Mission Objective and End State

The strategy for restoring the status quo ante -- or whatever the desired end for restoring peace in the conflict area -- spelled out to the UN force commander and the civilian administrators assigned to the area should include the limits to military actions on the ground as well as the aims of the UN Security Council for the post-pull-out phase. Should the UN intervention prove successful, enough safeguards should be put in place, both nationally and internationally, for maintaining peace in the area after the pull-out.  Interests inimical to the restoration of peace should not be able to fill in the vacuum created by the departure of UN forces. In sum, the UN intervention should not have been an exercise in futility.

Costs and Liabilities

Keeping the UN peacekeeping expenditure within limits demands a fresh look at ways to curtail expenditure as well as to recoup the expenditure to the extent possible. In the case of compensation to governments or families of soldiers killed in action the concept of group insurance for the personnel of the entire force should be gone into. By inviting bids from insurance companies globally the outflows for this could be considerably reduced.

Coming to new methods for financing UN operations it would be worth examining the imposition of a UN peacekeeping tax on non-national concessionaires operating in the area. Such concessionaires could be the old concessionaires driven out by turmoil or new concessionaires wishing to step in. Without going into details the negotiations for obtaining maximum returns for the UN, possibly over a period of years, could be left to the managers of a Global Reconstruction Fund (GRF).
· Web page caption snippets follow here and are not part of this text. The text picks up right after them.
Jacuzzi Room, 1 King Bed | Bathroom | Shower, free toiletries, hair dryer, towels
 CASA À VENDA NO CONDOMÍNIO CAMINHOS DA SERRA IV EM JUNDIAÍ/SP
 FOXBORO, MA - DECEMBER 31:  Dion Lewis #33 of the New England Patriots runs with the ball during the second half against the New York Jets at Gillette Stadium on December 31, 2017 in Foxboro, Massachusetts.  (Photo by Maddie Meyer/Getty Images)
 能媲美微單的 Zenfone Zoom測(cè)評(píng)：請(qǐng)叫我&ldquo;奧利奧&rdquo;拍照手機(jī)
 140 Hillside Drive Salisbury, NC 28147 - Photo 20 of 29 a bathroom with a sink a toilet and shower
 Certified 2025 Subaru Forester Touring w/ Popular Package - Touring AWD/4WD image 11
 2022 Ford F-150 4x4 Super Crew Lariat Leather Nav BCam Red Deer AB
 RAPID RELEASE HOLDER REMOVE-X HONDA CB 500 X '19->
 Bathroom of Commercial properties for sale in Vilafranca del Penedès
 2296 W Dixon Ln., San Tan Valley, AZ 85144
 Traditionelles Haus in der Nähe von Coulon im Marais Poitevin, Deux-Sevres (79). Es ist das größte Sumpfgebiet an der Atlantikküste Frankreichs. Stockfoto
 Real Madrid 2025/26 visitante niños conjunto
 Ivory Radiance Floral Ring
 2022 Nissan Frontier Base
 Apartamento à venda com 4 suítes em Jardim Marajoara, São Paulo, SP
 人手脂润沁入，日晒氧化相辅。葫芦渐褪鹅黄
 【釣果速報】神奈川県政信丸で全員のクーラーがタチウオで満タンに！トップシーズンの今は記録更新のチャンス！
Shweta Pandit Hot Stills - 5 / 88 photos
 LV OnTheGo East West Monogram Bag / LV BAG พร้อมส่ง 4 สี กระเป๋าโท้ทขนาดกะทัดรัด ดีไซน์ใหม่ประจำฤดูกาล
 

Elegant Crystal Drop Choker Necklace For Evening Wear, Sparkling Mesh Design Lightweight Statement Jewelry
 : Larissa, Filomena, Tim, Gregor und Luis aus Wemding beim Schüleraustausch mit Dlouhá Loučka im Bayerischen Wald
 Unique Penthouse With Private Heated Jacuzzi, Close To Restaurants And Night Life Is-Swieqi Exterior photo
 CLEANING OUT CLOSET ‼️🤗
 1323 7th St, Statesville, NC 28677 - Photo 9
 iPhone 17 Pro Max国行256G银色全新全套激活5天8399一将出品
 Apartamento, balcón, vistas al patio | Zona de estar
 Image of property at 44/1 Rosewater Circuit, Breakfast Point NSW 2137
With the globalization brought about by the new information technologies it would be possible for the Secretary General to monitor effectively the global hotspots in the coming decades. Without adding to the UN infrastructure a small nucleus would be able to plug into the data available through remote sensing satellites. Similarly, it should be possible to network with think tanks, specialists, environmentalists and intelligence agencies worldwide to keep tabs, in real time, on situations that could fast deteriorate if not attended to with alacrity.  Concomitantly, anticipatory warning could be sent to states from where aircraft with military supplies could take off or land. Similar anticipatory cordoning action could be taken at seaports, railheads and other terminals from where arms could be sent into the conflict area. A host of other anticipatory measures to limit or prevent the outbreak of hostilities could be taken.